Der Einladung der Akademie des deutschen Buchhandels ins Literaturhaus München folgten vergangene Woche mehr als 100 Experten aus den Branchen Verlag, Buchhandel und Technik. Als Fazit der Fachveranstaltung kann gelten, dass die Beteiligten dem E-Book gute Chancen einräumen, ohne allerdings allzu konkret zu werden: Kein deutscher Anbieter veröffentlicht Zahlen. Legt man aber – wie in München gern getan - die bekannten E-Book-Umsätze des amerikanischen Marktes zugrunde und berücksichtigt, dass man der dortigen Entwicklung vielleicht um drei Jahre hinterherhinkt, dann darf man sich auch hierzulande am Beginn einer von niedrigem Niveau aus steil ansteigenden Umsatzkurve wähnen. Zu diesem Schluss kamen mehrheitlich auch die Kongress-Teilnehmer. In ein paar Jahren, so die Markt-Auguren, könnten elektronische Bücher zehn bis 15 Prozent des gesamten Buchhandelsumsatzes ausmachen. Die Unterhaltungsliteratur auf Speichermedien würde dann einen jährlich Umsatz im unteren Millionenbereich an den Kassen erwirtschaften, Fachbücher brächten es vielleicht auch auf um die 20 Millionen, allerdings bei geringeren Wachstumsraten, denn hier ist die erste Welle bereits über die Ladentheken gerollt.

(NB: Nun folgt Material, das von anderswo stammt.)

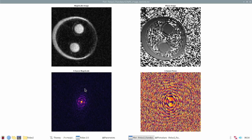In the image viewer you can see the k space magnitude, the k space phase, the magnitude image, and the phase image.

Handgreiflicher lässt sich die Entwicklung bei den Lesegeräten nachzeichnen: Während der ersten E-Book-Konferenz vor einem Jahr kursierten nur Prototypen im Publikum, die Markteinführung der E-Reader in Deutschland stand kurz bevor. Im März 2009 konnte man bereits unter 20 Readern wählen und aktuell werden deutschlandweit 39 Geräte unterschiedlicher Anbieter feilgeboten. Der überwiegende Teil greift auf die E-Ink-Technologie zurück, die ein nicht spiegelndes und sehr kontrastreiches Display ermöglicht, das sich ermüdungsfrei lesen lässt und zudem wenig Strom verbraucht. Manche Anbieter - wie etwa das junge Start-up Txtr, das noch in diesem Jahr seinen neuen, Linux-basierten Reader zu präsentieren hofft, schwören auf schwarz-weiße Einzweck-Geräte, andere suchen ihr Heil in der Kombination eines farbigen LCD-Displays zum Surfen und Mailen mit einer zweiten E-Ink-Anzeigefläche für das Lesen.Auch ein farbiges E-Ink-Display könnte im kommenden Jahr marktreif sein. Nicht zuletzt gewinnen auch Smartphones wie das iPhone als Lesegeräte an Gewicht.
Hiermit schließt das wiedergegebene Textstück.